Nor did the apostles ever conduct the kind of
spiritual warfare Tenney and others proclaim in the name of
"Taking their cities for God",
"I am after cities . . . . . . Once while
preaching at a conference . . . in Portland Oregon, I heard (Frank
Damazio) him mention something that caught my attention. He said
that a number of pastors in the Portland area had united together to
drive some stakes in the ground at strategic places around the
perimeter of their region and the city and at every major
intersection. The process took them hours because they also prayed
over those stakes, as they were physical symbols marking a spiritual
declaration and demarcation line. I felt the stirring of the Holy
Spirit so I said, "Frank, if you'll provide the stakes, then
I'll go to the cities I feel called to and help the pastors stake
out that territory for God." (Page 102-103)
Is this another Toronto or Pensacola? I think
Tenney and I would probably disagree. I would say that this `intimacy'
that is being sought is of the same nature as that
"presence" that pilgrimages to Toronto and Pensacola have
sought encounters with. Tenney seems to allude to these earlier
revivals on page 21, as being somewhat less than what he is promoting,
"People don't sense God's presence at our
gatherings because it is just not there sufficiently to register on
our gauges . . . when people get just a little touch of God mixed
with a lot of something that is not God, it inoculates them against
the real thing. Once they've been inoculated by a crumb of God's
presence, then when they say "God is really here", they
say, "No, I've been there, done that. I bought the T-shirt, and
I didn't find Him, it really didn't work for me". The problem
was that God was there all right, but not enough of Him.

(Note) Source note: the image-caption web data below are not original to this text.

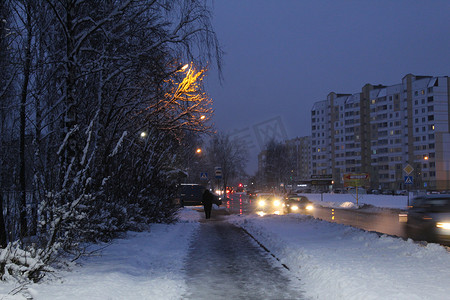 冬季下雪房子摄影照片_冬季城市的夜景，晚上在雪地里，靠近房子和灯笼的树灯巷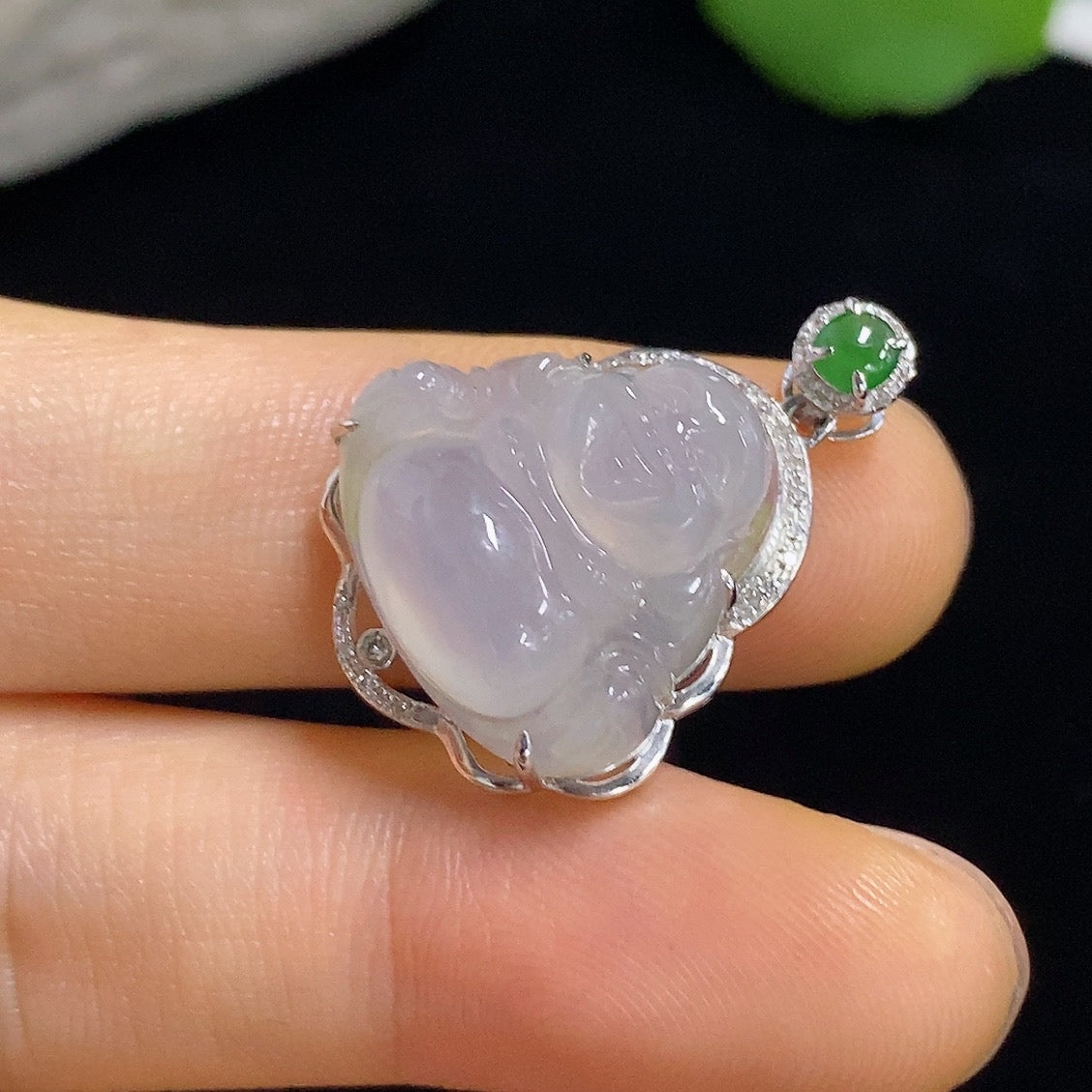 Jadeite Buddha pendant with 18k gold accents and diamond details, showcasing a detailed carved jade Buddha figure.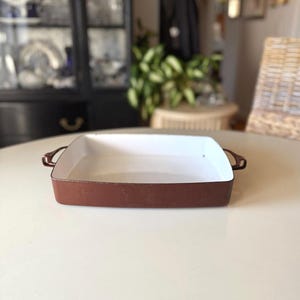 May include: A square, brown and white enamel baking dish with handles. The dish has a white interior and a brown exterior. The handles are also brown. The dish is sitting on a white table.
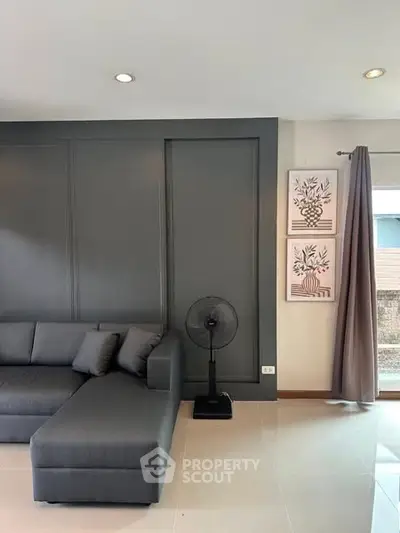 Modern living room with stylish gray sofa and elegant wall decor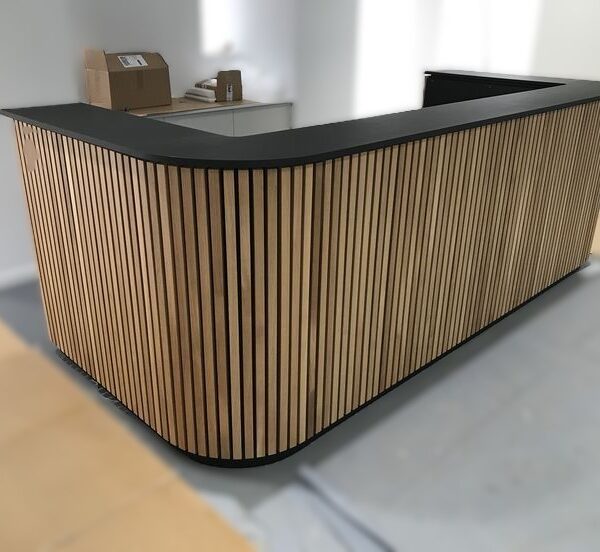 Modern reception desk featuring vertical light wood slats, curved edges, and a matte black work surface for a luxury office lobby.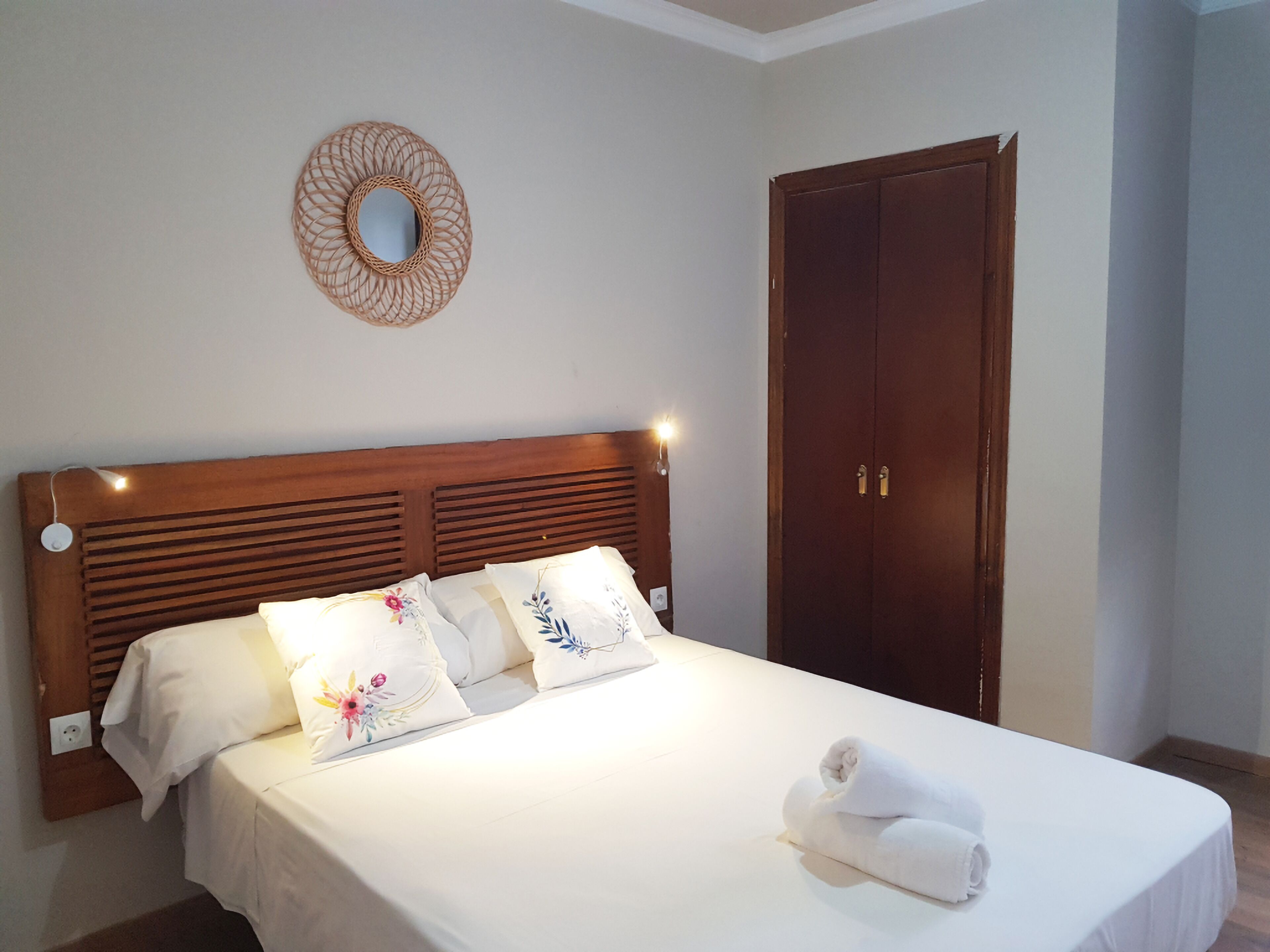 A neatly made bed with white linens and floral pillows, a wooden headboard, a round mirror on the wall, and a wooden wardrobe.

There was
no experience of meeting Him at the Damascus road. There was no
undeniable, overwhelming sense of His manifested presence."
(Page 21)
Tenney may well have made a point without
realising it. He acknowledges that the experience based revivals of
our day, with their sensual encounters with "the presence",
tend eventually towards a "been there done that" attitude,
as repeated mystical experiences lead into a kind of spiritual
"Law of Diminishing returns".
Orthodox Christianity has held that true hunger
for God is valid and can be validly met through seeking Him...But
the answer, according to Tenney, is more of "IT". Toronto
and Pensacola were only crumbs. There's more of it in a purer form.
Rodney Howard Browne held forth to those who were weary of "dead
religion" a fresh touch of God, a drink of the "new wine'.
Toronto came along and offered those same people an opportunity to
"soak in" the manifested anointing of God. Pensacola, which,
in spite of denials to the contrary, is directly descended from the
Toronto Blessing, (Steve Hill, bringing "IT" back with him
from Holy Trinity Brompton church, the Toronto church of England),
offered a purer touch of revival than Toronto, giving more emphasis on
repentance. But to Tenney, these were just crumbs, what does he offer?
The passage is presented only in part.